Dataset records
========

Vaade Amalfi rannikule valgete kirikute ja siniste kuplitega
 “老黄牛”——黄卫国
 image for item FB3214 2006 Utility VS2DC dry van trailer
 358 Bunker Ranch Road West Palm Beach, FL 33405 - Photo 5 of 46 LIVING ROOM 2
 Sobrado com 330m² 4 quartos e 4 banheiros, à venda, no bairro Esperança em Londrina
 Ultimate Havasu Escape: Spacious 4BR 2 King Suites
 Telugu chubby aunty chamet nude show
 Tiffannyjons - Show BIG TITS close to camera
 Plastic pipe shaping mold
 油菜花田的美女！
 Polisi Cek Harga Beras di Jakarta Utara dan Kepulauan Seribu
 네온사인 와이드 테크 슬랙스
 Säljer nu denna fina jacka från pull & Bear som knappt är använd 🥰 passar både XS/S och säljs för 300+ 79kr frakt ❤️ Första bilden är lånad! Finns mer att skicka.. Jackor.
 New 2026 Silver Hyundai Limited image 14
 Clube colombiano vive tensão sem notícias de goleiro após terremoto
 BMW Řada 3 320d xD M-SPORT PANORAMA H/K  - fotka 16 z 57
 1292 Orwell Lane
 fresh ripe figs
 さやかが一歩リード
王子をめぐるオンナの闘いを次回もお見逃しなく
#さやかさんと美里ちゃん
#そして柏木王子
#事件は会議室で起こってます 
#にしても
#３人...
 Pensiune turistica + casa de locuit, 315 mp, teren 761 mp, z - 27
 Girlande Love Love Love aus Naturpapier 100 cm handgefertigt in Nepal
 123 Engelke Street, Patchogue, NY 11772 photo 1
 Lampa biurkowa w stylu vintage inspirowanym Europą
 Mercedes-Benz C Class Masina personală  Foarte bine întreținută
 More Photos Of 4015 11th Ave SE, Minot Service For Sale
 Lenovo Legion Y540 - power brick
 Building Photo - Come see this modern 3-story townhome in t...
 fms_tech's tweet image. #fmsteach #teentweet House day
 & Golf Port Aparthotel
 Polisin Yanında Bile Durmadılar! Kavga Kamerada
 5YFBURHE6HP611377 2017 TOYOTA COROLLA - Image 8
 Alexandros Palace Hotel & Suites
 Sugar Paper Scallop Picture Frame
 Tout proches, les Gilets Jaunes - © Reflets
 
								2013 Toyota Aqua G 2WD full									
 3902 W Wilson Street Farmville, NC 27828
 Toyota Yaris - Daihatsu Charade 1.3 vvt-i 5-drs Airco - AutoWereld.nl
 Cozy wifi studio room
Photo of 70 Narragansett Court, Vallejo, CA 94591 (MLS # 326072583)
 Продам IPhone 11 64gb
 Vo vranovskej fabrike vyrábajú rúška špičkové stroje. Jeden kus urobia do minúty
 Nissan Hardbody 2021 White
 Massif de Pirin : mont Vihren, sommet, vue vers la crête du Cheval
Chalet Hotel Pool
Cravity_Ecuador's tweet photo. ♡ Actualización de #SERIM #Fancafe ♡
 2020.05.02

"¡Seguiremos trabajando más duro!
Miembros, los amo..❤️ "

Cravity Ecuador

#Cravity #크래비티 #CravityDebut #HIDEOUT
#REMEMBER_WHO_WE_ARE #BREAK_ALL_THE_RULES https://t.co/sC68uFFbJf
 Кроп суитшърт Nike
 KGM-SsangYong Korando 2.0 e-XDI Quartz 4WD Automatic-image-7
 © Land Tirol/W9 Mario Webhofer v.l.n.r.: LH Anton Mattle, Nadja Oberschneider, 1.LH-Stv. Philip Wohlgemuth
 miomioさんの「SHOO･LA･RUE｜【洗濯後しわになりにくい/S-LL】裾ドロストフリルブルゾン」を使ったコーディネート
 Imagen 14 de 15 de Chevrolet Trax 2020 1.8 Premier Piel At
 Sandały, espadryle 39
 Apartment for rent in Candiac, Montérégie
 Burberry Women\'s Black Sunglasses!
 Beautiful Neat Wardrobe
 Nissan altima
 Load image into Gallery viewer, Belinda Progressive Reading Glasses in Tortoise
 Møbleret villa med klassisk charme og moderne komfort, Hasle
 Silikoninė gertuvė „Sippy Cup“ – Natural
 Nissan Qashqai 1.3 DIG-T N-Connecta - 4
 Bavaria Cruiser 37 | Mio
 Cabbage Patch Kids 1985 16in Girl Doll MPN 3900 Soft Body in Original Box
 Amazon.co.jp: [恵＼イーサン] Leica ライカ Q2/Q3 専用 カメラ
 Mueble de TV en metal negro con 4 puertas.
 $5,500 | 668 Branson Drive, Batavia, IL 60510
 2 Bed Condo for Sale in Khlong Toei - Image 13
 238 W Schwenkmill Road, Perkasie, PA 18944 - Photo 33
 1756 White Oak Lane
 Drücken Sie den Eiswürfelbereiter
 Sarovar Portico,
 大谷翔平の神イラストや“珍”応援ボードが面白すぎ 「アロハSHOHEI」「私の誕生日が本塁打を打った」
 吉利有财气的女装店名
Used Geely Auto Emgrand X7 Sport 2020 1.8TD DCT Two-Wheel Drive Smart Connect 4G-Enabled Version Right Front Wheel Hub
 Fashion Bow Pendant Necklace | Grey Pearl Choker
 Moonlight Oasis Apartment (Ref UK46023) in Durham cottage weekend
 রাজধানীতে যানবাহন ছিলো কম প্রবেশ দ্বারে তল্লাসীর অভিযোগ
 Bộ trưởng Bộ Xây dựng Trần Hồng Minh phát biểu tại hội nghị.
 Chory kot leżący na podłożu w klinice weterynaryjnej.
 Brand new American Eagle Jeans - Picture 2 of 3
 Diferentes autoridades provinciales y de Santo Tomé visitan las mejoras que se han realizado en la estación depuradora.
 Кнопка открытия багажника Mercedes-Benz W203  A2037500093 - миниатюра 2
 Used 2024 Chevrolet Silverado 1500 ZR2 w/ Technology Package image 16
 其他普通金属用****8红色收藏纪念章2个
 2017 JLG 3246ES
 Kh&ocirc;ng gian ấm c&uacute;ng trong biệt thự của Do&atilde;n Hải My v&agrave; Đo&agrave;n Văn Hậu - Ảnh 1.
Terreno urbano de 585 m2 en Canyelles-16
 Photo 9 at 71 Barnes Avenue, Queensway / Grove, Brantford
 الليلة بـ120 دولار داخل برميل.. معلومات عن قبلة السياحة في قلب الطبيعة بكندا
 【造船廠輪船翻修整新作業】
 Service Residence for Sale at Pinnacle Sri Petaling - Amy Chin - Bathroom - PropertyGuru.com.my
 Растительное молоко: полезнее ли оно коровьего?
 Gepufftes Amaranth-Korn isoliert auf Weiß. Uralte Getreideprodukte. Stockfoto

========

** What the exercise asks **
The required answer is the run of lines above, starting at the line with "Chalet Hotel Pool" and ending at the line with "KGM-SsangYong Korando 2.0", reproduced exactly with both ends.

** Response to the exercise **
Chalet Hotel Pool
Cravity_Ecuador's tweet photo. ♡ Actualización de #SERIM #Fancafe ♡
 2020.05.02

"¡Seguiremos trabajando más duro!
Miembros, los amo..❤️ "

Cravity Ecuador

#Cravity #크래비티 #CravityDebut #HIDEOUT
#REMEMBER_WHO_WE_ARE #BREAK_ALL_THE_RULES https://t.co/sC68uFFbJf
 Кроп суитшърт Nike
 KGM-SsangYong Korando 2.0 e-XDI Quartz 4WD Automatic-image-7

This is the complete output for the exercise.